Mais ce sont surtout les mentalités qui sont différentes. En France, les enfants me fixent sans complexe. Ici, aux États-Unis, ça n’arrive jamais. Bien sûr, mon handicap les interpelle les gamins, c’est normal, mais ils ne me l’ont pas fait sentir aussi violemment. Disons qu’ici, le handicap donne davantage lieu à des encouragements qu’à des questions. Alors qu’en France, la première chose qu’on me disait au lycée quand je rencontrais de nouvelles personnes c’est : « Qu’est-ce qu’il t’est arrivé ? ». La question peut paraître innocente, mais elle est révélatrice : on me définit d’abord par mon handicap, et pas par le reste. En recevant cette réponse de l’école de journalisme, j’ai là encore été ramené à mon handicap. C’est ça qui a été le plus douloureux, au fond.

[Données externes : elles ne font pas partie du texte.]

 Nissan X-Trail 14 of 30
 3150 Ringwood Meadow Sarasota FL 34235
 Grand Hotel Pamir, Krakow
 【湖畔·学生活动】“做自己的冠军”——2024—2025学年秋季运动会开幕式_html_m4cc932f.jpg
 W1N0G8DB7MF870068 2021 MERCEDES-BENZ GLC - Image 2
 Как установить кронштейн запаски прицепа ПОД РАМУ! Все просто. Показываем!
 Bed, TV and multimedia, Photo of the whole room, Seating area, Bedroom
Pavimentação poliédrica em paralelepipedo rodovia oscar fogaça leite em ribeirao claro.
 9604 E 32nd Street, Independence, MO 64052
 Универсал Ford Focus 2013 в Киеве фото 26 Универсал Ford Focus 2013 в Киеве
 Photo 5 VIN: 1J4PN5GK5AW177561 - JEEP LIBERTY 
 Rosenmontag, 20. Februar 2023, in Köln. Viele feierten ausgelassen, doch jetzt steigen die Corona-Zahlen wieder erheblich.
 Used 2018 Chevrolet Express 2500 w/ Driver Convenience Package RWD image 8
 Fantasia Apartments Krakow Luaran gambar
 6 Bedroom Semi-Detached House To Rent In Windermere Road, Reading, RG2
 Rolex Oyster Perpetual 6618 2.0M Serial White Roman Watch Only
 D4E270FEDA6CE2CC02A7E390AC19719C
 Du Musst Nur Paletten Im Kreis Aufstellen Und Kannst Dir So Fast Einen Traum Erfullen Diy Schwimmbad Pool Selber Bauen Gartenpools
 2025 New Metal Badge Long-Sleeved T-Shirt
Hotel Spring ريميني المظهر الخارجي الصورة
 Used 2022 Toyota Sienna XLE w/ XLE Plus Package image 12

Je suis heureux, bien sûr, que mon histoire puisse servir à alerter l’opinion publique le manque d’accessibilité des bâtiments publics aux handicapés. Mais je ne voudrais pas demeurer « le gars connu pour son coup de gueule sur le handicap ». Encore une fois, cela reviendrait à me réduire à ça. Depuis le refus de l’ESJ, d’autres écoles m’ont contacté. Je compte passer les concours. Alors, dans deux ou trois ans, j’aimerais être célèbre pour autre chose… mon travail de journaliste, par exemple !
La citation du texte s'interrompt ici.